A commission running an innovation sandbox holds the one thing money can't buy — permission for an unmanned grid to operate.

The curmudgeon
VP of Grid Operations

Fears autonomous nodes destabilize the grid and erode control — and can quietly veto interconnection. So I bring them in first and let them write the guardrails. Won, not bypassed.

Biased to action

The 90-day audacious challenge — concrete, dated, falsifiable.

2 WEEKS Close the islanding-and-replication loop

Run a Node-Zero simulation on a real wildfire-prone feeder's actual load and weather data — prove the island-and-self-replicate loop closes. Book one conversation with a workforce-development lead at a fire-exposed Western utility.

30 DAYS Turn the dossier into a real sandbox application

Secure a one-hour meeting with the COO and Grid-Ops VP of one fire-exposed Western utility to scope a single supervised pilot on one feeder — plus two hours with two retiring operators to begin seeding the twin brain.

90 DAYS Node-Zero V0 + a recorded panel of real skeptics

Take Node-Zero from spec to working prototype that runs a full simulated year — surviving an injected fire-driven outage, holding ≥99.9% load served, funding its own successor at ρ ≥ 1 — then put the safety dossier and tamper-proof decision log in front of three real, named PUC, insurer, and grid-operations experts and try to win one written "this is credible enough to enter a sandbox conversation."

It's high-risk because I'd be exposing the weakest part of the moonshot — permission — to the exact people who can kill it, on camera, where a flat "no" stings. It's high-reward because the first credible "yes" cracks the trust barrier, de-risks everything downstream, and gives a team and investors real belief instead of a pitch deck.

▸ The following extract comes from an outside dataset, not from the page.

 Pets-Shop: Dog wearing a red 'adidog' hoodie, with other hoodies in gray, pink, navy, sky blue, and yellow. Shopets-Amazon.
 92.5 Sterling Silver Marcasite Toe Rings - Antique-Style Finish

Even partial success — "almost — fix X" — proves the monkey is solvable and hands me my exact V0 requirements.

The prototype is already live — play it → microgridling.com
Why this is how a Moonshot Explorer thinks

The role, mapped to the evidence on this page.

A Moonshot Explorer uses critical thinking, networking, research, and prototyping to propose and de-risk breakthrough projects — and falls in love with problems, not solutions. Here is each of those, with where it shows up above.

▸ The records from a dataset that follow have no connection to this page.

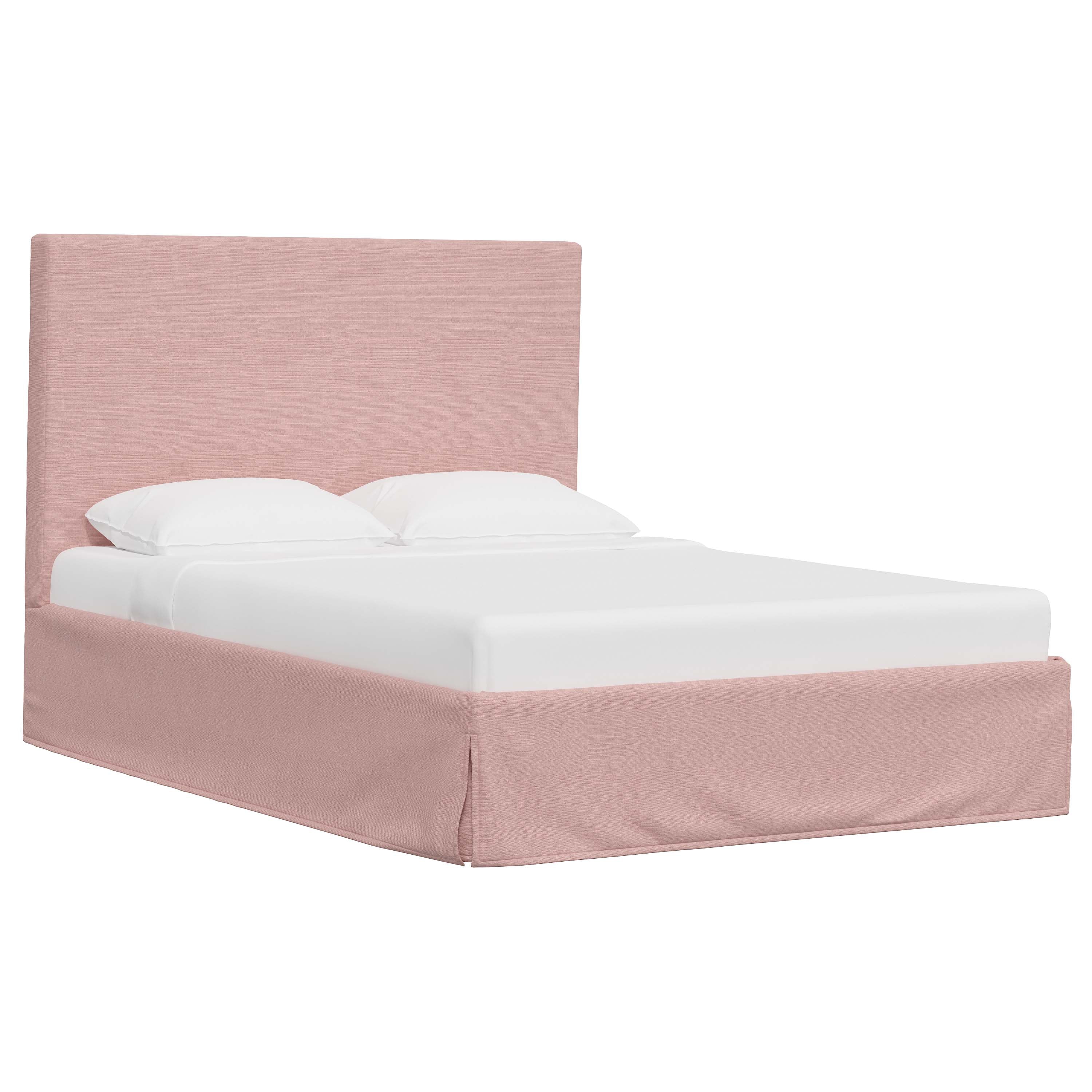 Violet Slipcovered Bed - Soft Washable Fabric Upholstered Queen Size Bed Frame with Headboard - Perfect for Modern Bedrooms, Guest Rooms & Cozy Home Decor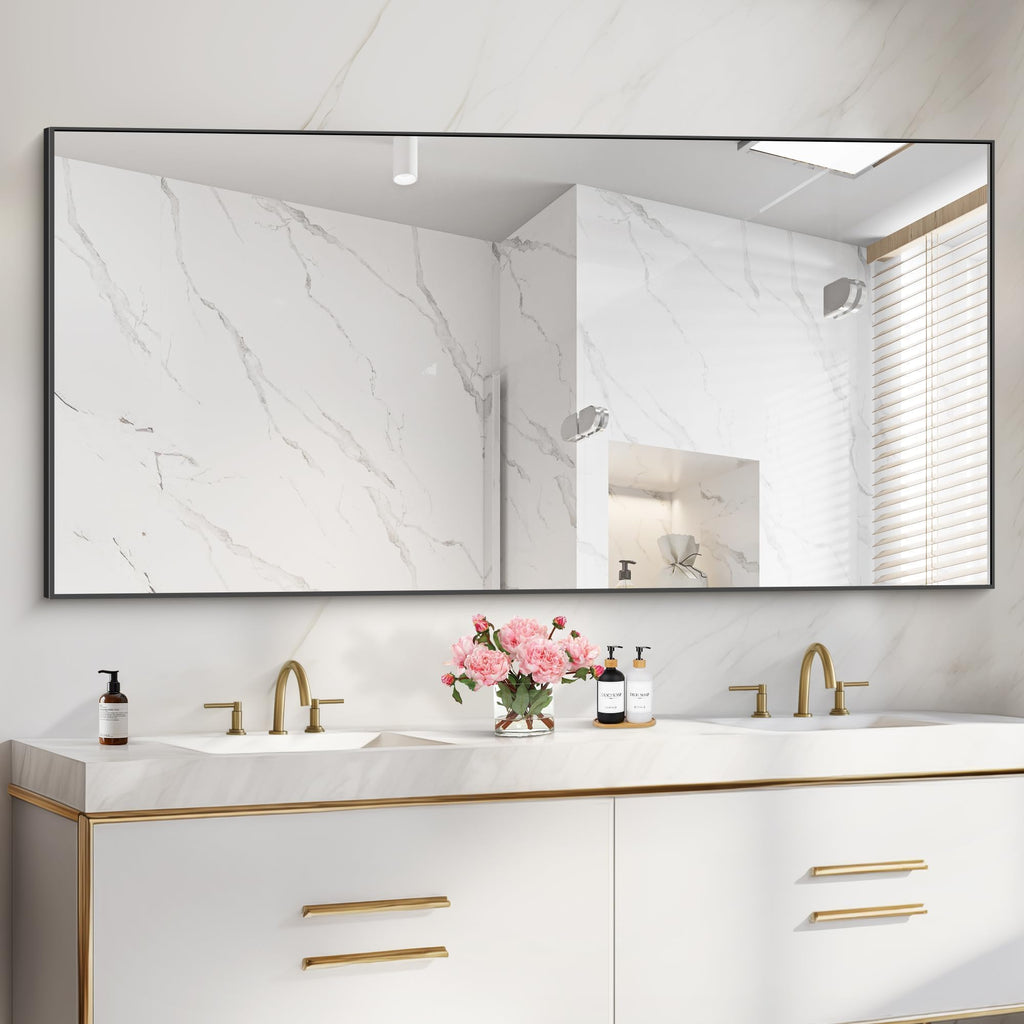 36x72inch Bathroom Mirror, Black Rectangle Mirror with Thin Metal Frame, Large Rectangular Wall Mirrors m, Hair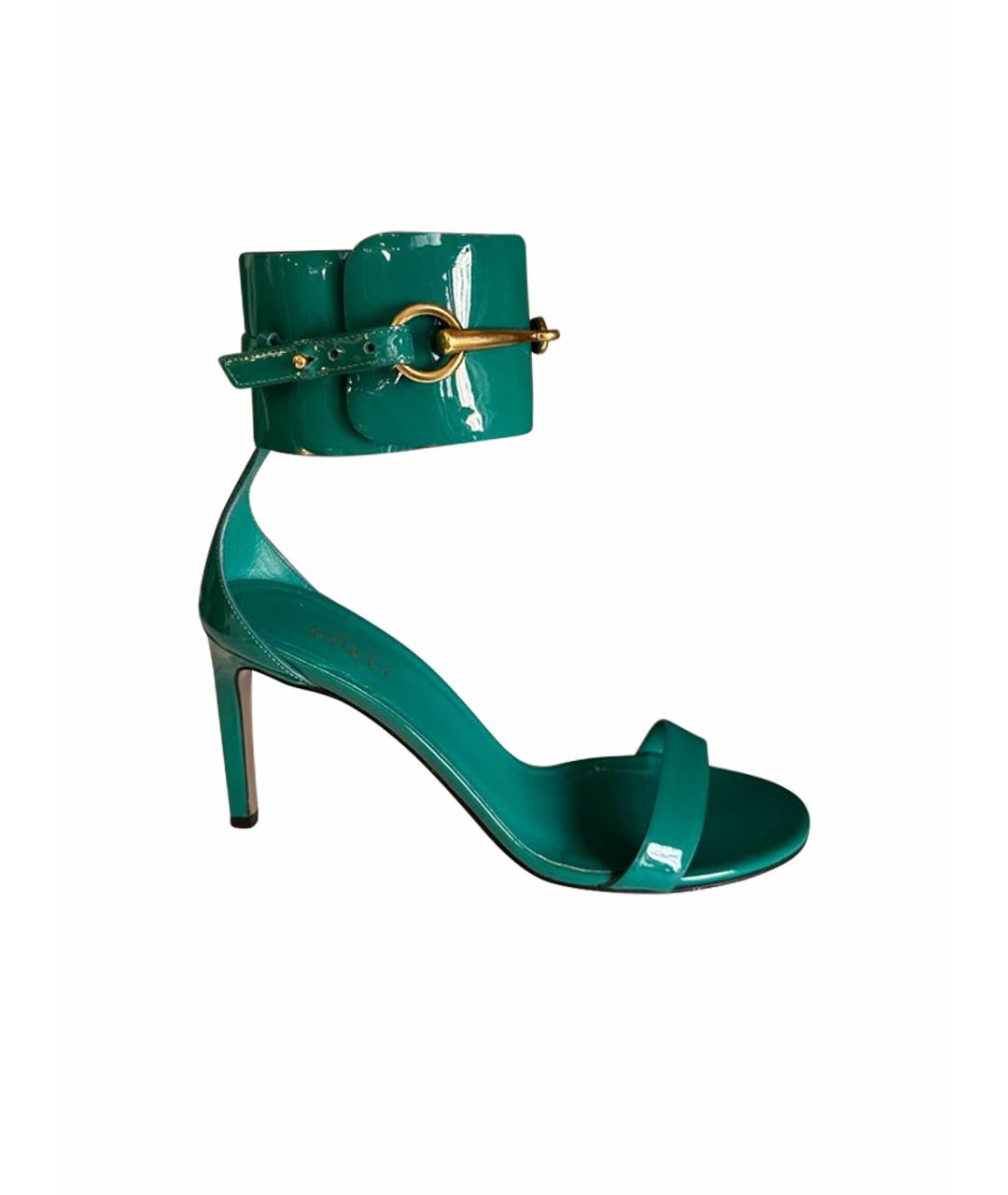 GUCCI Бирюзовые босоножки из лакированной кожи, фото 1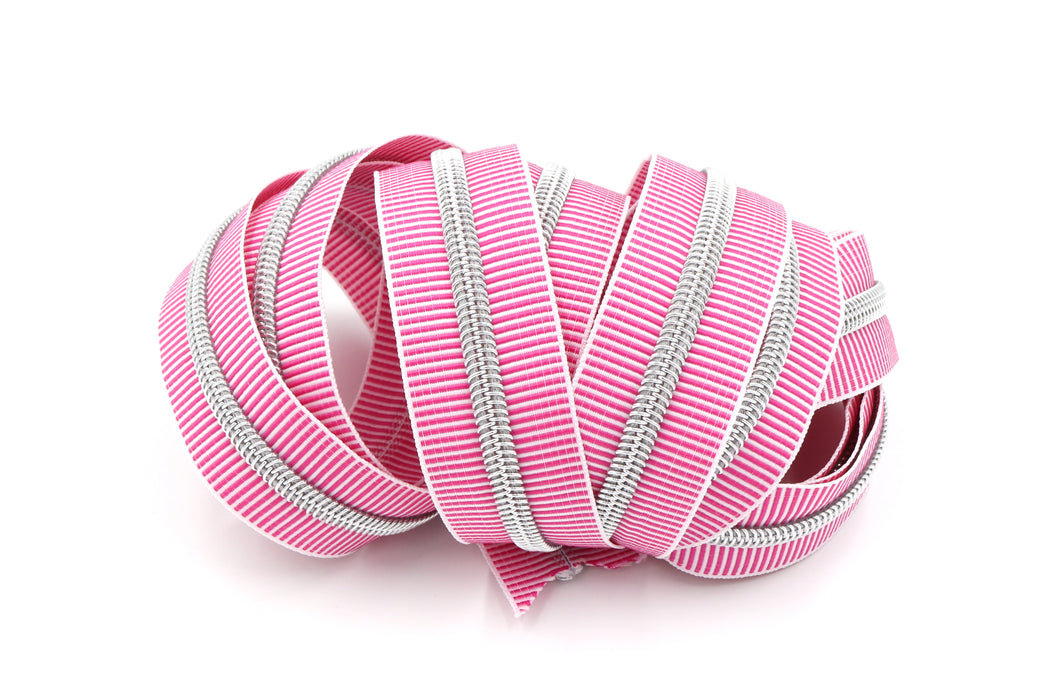 Pink Zebra Stripe- #5 Silver Nylon Coil Zipper Tape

Fall in love with the problem

Started from a vanishing workforce + colliding outage crisis and a real off-grid customer — not from a favorite technology. The solution is forced by the problem, and stays pivotable.

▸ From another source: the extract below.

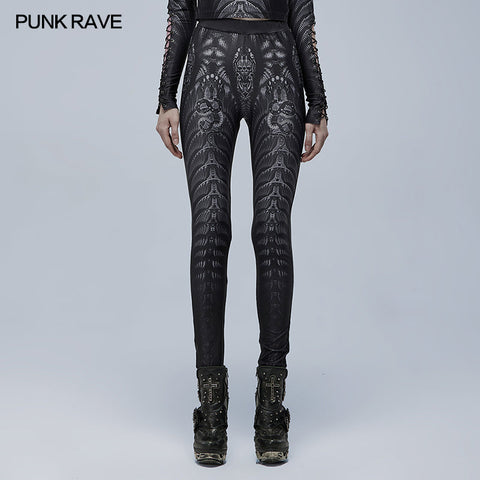 Goth Skinny Leggings mit Skelettdruck
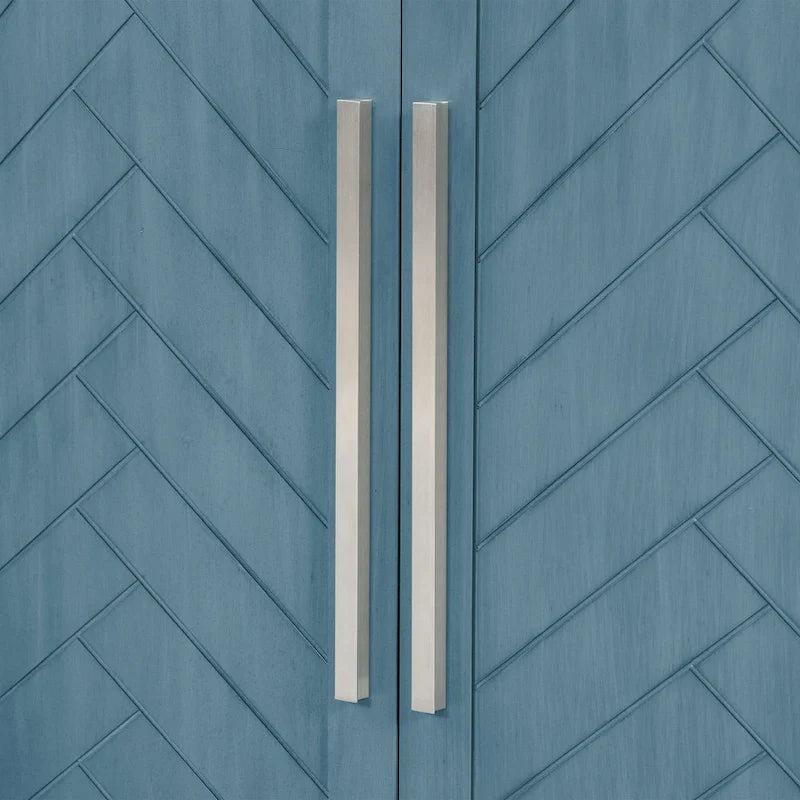 Meuble buffet 4 portes bleu blanc avec étagères réglables Rangement moderne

Propose & assess breakthrough projects

A clean huge-problem / radical-leap / breakthrough-now structure, with a 10× thesis (ρ ≥ 1) instead of a 10% one — assessed, not just asserted.

De-risk technically and commercially

Two explicit risk axes: Node-Zero / HIL validation on one side, a twin-brain co-pilot selling into existing budgets on the other. The wedge funds the moonshot.

Tackle the hardest part first

Named the monkey honestly — regulatory and insurer trust, not autonomy — and pointed the first artifact straight at it. Pedestal work deferred on purpose.

Thrive in ambiguity, manage with tenacity

Pre-committed kill criteria and a known fallback (operator co-pilot). Comfortable saying "here's what would make me walk away" before falling in love.

Build partnerships & communicate to mixed audiences

A coalition that wins over the curmudgeon instead of routing around them, a COO narrative in plain language, and a live, playable prototype — bias to action made tangible.

"I build the software utilities use to run distributed energy, and I watch finished, ready-to-go projects rot for years in permitting and staffing while the hardware sits waiting — so the most thrilling, almost unthinkable thing I can imagine is making the human bottleneck vanish forever and letting the grid grow itself."